Could you repeat the entries below exactly, but only from the line with "Хэтчбек Hongqi H6" through the line with "[Minecraft] Standart Assembler", and without any picture?

+++ ENTRIES SHOWN +++

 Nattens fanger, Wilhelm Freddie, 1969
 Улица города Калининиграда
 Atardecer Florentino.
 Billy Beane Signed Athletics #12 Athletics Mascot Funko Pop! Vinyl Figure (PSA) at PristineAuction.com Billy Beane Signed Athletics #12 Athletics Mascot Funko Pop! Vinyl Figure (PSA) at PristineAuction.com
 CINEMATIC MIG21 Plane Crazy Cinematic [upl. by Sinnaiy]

+++
+++ ENTRIES SHOWN +++

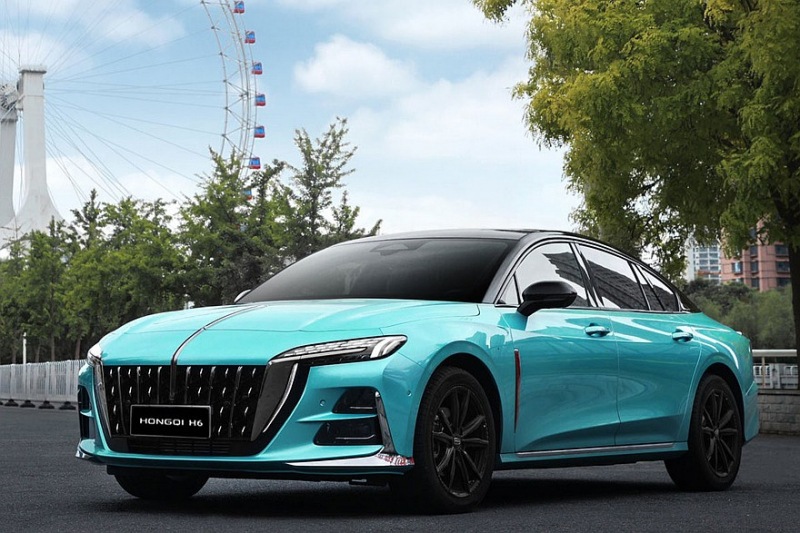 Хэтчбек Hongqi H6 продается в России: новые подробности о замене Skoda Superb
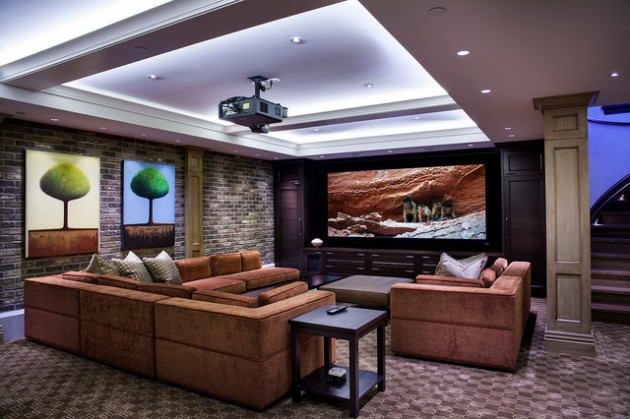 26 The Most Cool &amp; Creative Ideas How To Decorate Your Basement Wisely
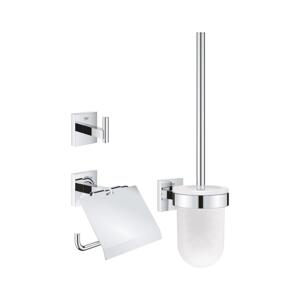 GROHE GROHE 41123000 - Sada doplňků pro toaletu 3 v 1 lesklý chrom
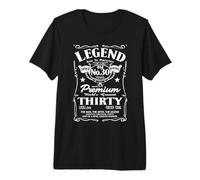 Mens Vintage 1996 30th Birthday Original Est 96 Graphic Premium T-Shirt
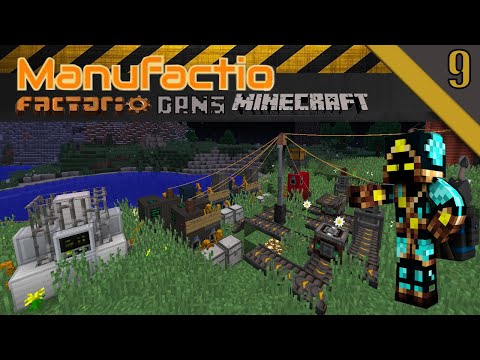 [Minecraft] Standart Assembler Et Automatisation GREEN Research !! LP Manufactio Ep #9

+++

- REPLY -
 Хэтчбек Hongqi H6 продается в России: новые подробности о замене Skoda Superb
 26 The Most Cool &amp; Creative Ideas How To Decorate Your Basement Wisely
 GROHE GROHE 41123000 - Sada doplňků pro toaletu 3 v 1 lesklý chrom
 Mens Vintage 1996 30th Birthday Original Est 96 Graphic Premium T-Shirt
 [Minecraft] Standart Assembler Et Automatisation GREEN Research !! LP Manufactio Ep #9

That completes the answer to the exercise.